The Maui field, located off the coast of Taranaki, has been a vital source of domestic energy since the 1970s. Despite substantial recent investments aimed at extending the field's longevity—including intensive in-fill drilling campaigns—official data now confirms a terminal decline in gas output. The anticipated closure represents a definitive milestone in New Zealand's transition away from fossil-fuel reliance.
Strategic Rationale and Market Impact
The sunsetting of Maui creates a significant ripple effect across the New Zealand industrial sector. Historically, the field has been the primary supplier for high-intensity gas users. Analysts, including PwC Energy managing director Aaron Webb, suggest that the market must now prepare for a drastically reduced gas supply. This contraction arrives at a time when New Zealand's renewable energy generation—bolstered by high hydro lake levels—has reached record highs, while gas usage has plummeted to a 46-year low.

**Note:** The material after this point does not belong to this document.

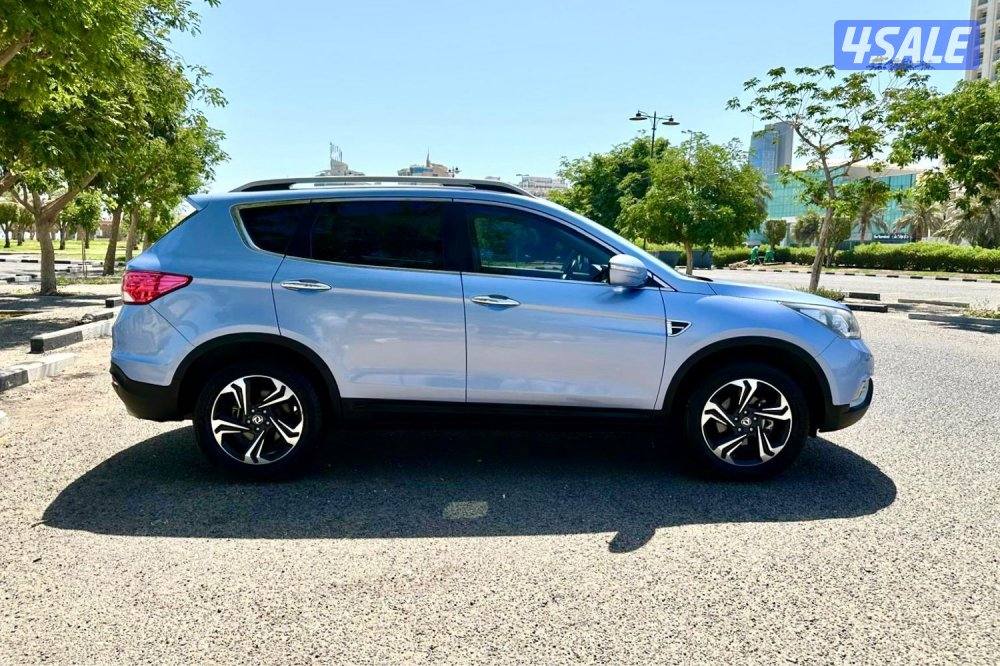 2020. DFM AX77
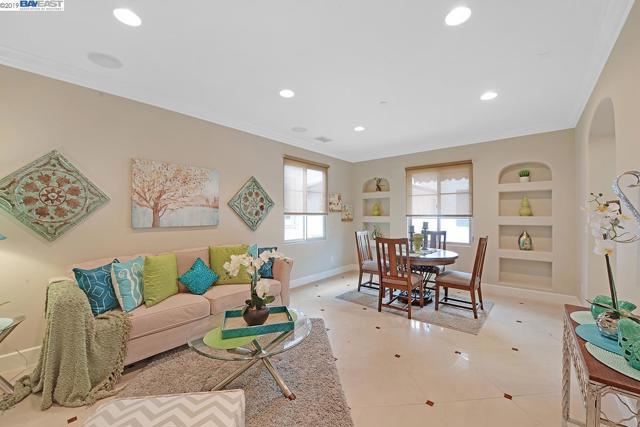 549 Ficus Ter, Fremont CA: https://media.crmls.org/mediaz/45ba4a46-66f2-421d-957f-efb60ac85df4.jpg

TRANSFORMATIVE ANALYSIS: From a strategic perspective, the closure of Maui forces a "market reset" for New Zealand’s heavy industry. For decades, Maui provided a stable, low-cost baseline for energy-intensive operations. Its removal from the supply chain essentially ends the era of "easy gas" in the South Pacific. This move shifts the competitive advantage toward companies that have already electrified their processes, while placing massive strategic pressure on firms still reliant on gas-fired boilers and feedstock.